_Your assignment_
Copy every line below that has the word "Road" in it.

Start of Task material

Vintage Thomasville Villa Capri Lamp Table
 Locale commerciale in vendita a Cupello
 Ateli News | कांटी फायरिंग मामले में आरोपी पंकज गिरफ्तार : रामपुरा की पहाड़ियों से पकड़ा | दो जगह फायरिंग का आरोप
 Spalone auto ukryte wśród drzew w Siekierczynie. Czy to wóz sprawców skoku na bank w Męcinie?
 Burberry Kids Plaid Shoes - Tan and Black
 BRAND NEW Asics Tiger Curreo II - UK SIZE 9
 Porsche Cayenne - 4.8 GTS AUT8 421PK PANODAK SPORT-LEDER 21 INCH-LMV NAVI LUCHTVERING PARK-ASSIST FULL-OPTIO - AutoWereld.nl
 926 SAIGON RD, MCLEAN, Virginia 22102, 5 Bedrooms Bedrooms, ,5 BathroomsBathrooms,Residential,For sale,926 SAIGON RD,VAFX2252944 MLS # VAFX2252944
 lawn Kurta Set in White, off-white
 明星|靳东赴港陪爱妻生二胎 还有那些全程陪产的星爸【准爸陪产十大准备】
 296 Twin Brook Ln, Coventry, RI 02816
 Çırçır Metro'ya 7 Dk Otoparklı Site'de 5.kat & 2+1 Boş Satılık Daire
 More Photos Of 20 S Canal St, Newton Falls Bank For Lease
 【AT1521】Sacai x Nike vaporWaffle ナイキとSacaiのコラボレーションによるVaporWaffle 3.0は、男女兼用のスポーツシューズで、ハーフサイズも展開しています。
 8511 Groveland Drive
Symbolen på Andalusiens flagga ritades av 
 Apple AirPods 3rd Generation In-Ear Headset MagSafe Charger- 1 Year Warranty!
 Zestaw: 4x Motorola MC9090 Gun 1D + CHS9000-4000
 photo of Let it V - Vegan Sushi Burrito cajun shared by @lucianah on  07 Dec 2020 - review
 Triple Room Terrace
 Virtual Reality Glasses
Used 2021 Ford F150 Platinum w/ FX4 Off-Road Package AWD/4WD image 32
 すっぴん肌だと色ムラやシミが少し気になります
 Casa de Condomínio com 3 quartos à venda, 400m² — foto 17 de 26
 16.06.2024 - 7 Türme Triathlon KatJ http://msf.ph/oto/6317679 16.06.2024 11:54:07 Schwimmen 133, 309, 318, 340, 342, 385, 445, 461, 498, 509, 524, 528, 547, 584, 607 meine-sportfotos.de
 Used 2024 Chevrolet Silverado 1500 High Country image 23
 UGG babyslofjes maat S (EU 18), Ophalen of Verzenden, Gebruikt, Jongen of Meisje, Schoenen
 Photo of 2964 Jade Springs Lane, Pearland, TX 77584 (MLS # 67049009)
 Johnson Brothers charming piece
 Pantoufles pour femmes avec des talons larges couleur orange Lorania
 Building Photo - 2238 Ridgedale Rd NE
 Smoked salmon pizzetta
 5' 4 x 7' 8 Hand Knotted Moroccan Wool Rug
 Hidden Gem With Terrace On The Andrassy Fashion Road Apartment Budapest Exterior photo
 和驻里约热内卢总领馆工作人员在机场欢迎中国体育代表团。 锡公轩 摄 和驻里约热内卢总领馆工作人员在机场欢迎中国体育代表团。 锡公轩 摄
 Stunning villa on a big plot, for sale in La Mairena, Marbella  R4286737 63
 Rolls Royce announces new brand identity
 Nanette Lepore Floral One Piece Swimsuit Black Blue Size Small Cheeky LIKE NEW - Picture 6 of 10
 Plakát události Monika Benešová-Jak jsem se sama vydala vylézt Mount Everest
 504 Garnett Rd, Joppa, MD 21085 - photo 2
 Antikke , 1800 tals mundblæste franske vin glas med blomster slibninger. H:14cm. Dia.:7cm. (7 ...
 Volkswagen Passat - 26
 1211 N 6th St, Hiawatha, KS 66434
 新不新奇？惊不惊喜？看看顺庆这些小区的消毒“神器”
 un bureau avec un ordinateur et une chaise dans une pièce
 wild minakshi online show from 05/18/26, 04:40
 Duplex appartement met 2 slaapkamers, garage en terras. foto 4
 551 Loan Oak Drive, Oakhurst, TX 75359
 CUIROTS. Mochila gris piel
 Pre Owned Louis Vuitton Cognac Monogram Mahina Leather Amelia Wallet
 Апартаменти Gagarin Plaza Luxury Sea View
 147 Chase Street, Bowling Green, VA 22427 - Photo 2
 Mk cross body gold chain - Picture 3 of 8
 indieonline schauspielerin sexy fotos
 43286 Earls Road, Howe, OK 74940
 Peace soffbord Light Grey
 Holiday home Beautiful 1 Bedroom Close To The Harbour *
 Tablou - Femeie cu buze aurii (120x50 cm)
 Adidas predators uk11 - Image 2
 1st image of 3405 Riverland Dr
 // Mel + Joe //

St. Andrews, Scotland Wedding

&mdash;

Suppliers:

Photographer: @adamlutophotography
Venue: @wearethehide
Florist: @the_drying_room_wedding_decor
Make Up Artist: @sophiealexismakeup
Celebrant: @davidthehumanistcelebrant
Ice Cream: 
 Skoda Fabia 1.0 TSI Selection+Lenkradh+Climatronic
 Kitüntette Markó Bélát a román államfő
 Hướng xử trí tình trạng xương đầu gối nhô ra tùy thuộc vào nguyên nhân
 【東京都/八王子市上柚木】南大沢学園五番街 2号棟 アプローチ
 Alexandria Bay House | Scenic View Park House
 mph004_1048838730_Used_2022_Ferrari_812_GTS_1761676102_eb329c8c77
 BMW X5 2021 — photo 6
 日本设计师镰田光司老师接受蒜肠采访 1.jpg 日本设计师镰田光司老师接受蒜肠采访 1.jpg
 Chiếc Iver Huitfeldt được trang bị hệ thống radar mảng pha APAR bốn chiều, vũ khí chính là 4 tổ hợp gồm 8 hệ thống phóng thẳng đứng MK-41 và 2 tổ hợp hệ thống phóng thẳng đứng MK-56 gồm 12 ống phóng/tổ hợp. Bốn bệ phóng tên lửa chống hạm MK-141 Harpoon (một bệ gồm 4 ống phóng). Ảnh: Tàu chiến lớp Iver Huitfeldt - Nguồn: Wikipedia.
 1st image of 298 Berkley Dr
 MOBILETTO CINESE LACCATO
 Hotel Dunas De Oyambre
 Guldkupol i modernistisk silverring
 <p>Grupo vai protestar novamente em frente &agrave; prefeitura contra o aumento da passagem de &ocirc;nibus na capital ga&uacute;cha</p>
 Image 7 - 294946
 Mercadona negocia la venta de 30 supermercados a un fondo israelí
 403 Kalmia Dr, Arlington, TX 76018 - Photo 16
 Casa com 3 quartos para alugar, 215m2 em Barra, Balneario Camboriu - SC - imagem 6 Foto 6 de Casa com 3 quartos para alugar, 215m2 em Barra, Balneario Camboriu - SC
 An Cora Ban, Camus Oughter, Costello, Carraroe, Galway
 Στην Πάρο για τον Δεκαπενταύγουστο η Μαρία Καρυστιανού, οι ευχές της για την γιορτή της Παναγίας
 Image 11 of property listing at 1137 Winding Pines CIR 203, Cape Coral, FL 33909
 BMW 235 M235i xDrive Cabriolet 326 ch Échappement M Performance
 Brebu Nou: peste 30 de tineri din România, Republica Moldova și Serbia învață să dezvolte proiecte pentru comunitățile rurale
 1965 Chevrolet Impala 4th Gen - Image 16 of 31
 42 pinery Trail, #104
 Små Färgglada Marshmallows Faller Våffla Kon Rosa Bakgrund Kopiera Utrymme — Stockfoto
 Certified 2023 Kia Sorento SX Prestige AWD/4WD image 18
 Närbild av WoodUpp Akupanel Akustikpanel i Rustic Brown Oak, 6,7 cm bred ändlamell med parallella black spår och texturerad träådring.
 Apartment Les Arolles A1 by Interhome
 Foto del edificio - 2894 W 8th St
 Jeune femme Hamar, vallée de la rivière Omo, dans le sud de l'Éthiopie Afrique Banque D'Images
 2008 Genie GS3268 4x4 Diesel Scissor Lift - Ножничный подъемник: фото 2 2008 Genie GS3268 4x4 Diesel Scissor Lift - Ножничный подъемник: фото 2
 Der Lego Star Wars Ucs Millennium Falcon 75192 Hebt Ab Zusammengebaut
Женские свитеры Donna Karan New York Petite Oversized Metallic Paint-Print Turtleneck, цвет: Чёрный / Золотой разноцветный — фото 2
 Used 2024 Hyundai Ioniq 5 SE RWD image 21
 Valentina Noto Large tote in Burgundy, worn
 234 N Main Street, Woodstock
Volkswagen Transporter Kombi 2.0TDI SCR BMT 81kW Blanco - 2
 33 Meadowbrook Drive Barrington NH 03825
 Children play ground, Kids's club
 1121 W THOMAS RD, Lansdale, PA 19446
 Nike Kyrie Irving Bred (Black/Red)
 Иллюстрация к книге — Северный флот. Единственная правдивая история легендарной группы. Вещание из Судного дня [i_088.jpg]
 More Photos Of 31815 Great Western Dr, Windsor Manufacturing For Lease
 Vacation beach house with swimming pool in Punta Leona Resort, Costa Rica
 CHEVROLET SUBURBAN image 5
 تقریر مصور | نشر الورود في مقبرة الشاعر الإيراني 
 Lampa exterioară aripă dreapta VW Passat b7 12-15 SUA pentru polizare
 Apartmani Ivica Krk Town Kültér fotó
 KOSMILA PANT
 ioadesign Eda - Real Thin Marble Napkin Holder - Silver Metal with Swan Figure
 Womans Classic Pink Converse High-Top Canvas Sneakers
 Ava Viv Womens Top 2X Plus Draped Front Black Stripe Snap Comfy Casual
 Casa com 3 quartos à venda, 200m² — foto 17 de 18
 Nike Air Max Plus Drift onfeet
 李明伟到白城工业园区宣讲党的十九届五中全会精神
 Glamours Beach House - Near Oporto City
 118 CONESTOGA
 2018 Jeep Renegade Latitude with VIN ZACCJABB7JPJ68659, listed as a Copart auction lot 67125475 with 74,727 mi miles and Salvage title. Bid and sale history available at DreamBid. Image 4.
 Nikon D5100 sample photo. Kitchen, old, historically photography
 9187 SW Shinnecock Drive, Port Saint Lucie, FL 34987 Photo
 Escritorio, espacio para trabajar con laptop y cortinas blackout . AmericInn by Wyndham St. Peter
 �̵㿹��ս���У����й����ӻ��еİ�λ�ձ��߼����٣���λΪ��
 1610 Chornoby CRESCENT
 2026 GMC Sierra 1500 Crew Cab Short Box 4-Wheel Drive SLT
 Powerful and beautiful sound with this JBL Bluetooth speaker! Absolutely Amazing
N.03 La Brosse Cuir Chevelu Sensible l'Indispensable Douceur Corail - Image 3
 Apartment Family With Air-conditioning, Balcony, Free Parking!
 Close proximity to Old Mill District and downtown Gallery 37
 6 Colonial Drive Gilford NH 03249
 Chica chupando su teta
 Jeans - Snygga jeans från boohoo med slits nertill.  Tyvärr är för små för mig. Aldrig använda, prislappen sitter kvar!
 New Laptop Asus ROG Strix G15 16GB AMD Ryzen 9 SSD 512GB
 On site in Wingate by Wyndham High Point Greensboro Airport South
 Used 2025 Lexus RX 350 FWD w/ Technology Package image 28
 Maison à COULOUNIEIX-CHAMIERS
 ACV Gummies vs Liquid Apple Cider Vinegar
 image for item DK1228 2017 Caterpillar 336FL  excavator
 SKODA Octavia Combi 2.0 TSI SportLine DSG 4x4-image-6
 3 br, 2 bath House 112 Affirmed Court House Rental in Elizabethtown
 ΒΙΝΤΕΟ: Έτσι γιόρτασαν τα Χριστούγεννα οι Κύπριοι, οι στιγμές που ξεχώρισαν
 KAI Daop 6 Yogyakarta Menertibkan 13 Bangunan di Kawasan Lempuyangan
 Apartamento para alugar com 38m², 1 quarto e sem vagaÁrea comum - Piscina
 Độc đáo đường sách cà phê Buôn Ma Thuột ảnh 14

End of Task material

_Solution for this task_
Used 2021 Ford F150 Platinum w/ FX4 Off-Road Package AWD/4WD image 32
 Hidden Gem With Terrace On The Andrassy Fashion Road Apartment Budapest Exterior photo
 43286 Earls Road, Howe, OK 74940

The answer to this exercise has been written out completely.